= Task details =
The expected output is an exact copy of the lines from the one containing "this 733×1100 image." to the final line below, minus any pictures.

= Record set =
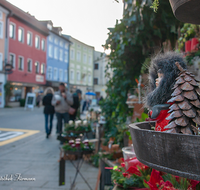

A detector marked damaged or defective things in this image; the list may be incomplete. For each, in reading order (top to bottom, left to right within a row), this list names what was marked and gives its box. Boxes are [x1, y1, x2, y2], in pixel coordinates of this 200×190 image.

rusty metal bowl [170, 0, 200, 24]
rusty metal bowl [129, 121, 200, 180]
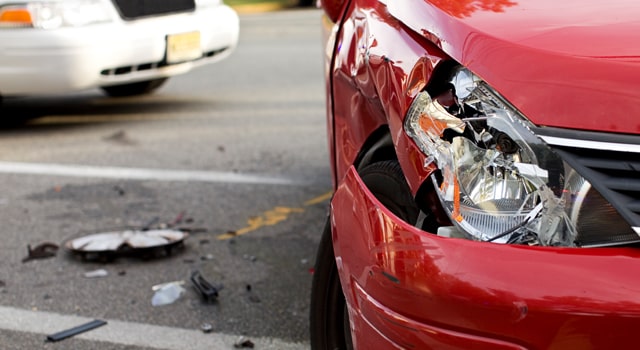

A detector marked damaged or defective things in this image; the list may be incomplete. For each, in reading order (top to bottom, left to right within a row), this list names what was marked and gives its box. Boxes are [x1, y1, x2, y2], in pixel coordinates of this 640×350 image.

shattered headlight lens [0, 0, 112, 28]
dented red hood [388, 0, 640, 134]
shattered headlight lens [404, 66, 596, 246]
broken headlight [404, 65, 632, 246]
broken plastic piece [152, 280, 185, 304]
broken plastic piece [190, 270, 222, 302]
broken plastic piece [45, 320, 107, 342]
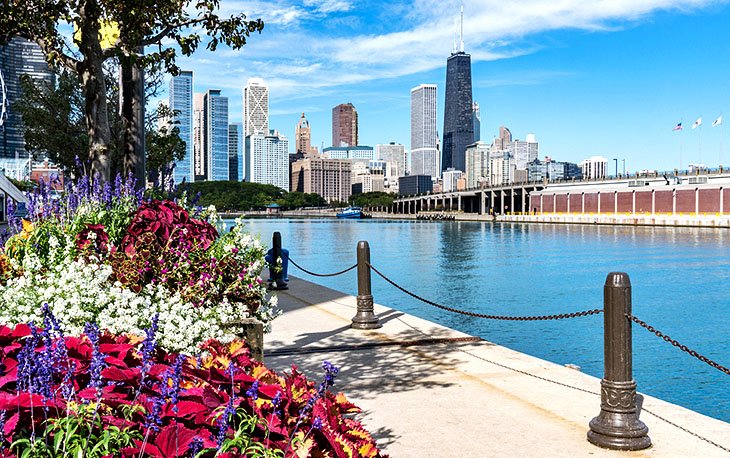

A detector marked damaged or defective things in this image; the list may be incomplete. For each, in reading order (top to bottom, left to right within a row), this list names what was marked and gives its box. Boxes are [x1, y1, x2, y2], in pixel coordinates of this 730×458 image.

rusty chain [280, 252, 356, 278]
rusty chain [366, 262, 600, 320]
rusty chain [624, 314, 728, 376]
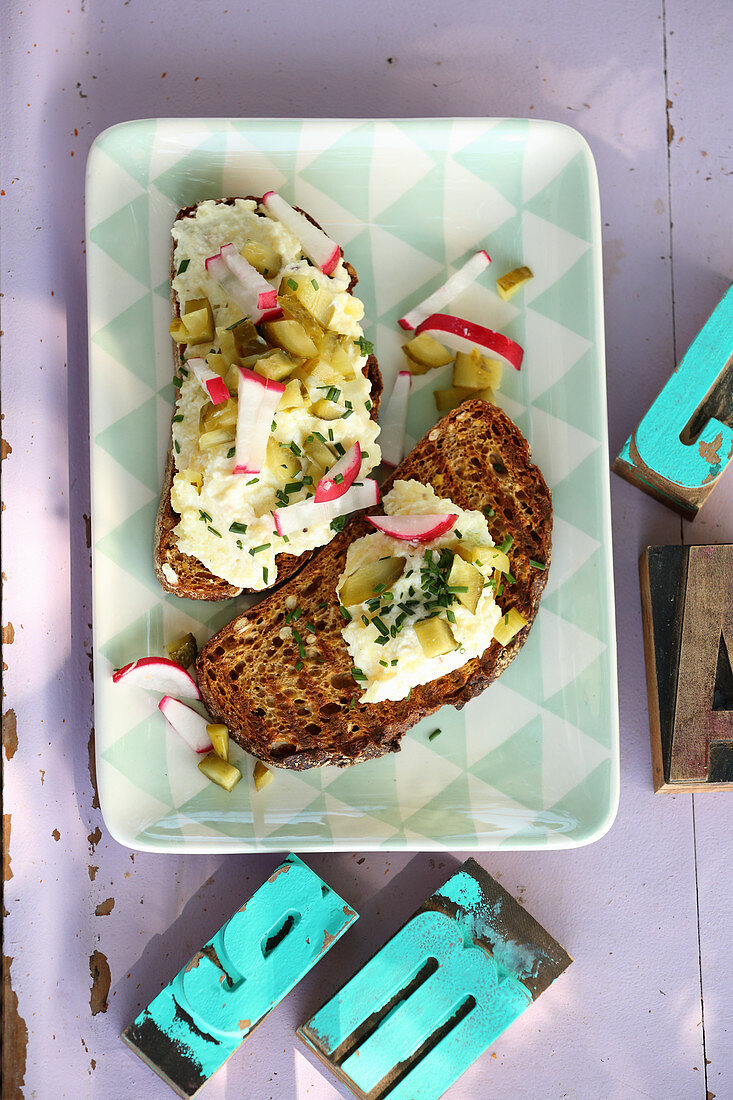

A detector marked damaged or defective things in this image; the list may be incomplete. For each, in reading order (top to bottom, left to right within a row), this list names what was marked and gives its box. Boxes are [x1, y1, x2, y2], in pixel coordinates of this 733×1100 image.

peeling paint on wood [88, 950, 110, 1016]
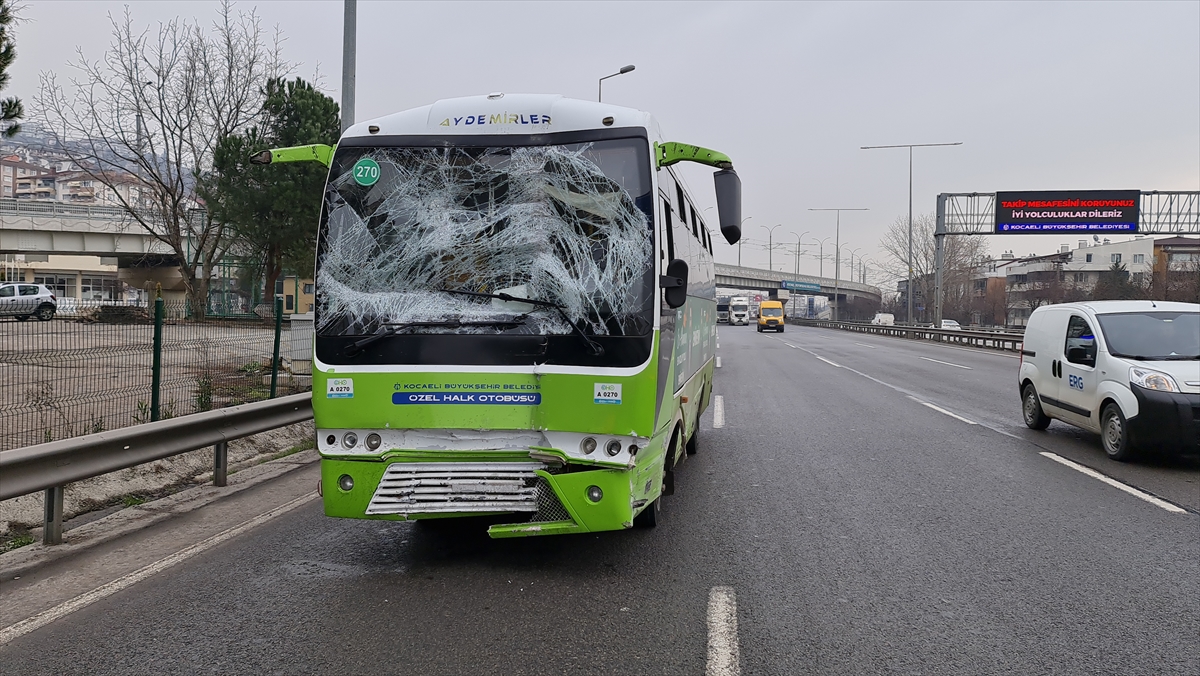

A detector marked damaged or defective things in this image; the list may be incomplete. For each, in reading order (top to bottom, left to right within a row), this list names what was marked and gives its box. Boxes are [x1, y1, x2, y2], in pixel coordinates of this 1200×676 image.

shattered windshield [319, 137, 652, 338]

= Task response =
A detector marked damaged or defective things in this image; the list may be incomplete. For each, in reading order (top to bottom, left to right within a row), this list names what was marked and gives its box. Boxes are [x1, y1, x2, y2], in pixel coordinates of this 733×1100 image.

peeling paint on wood [88, 950, 110, 1016]

A detector marked damaged or defective things in this image; the list may be incomplete. For each, in reading order (top to bottom, left to right within a row), this list names what was marked and gives its box. Boxes are [x1, y1, x2, y2], in pixel coordinates of this 1200×676 image.

shattered windshield [319, 137, 652, 338]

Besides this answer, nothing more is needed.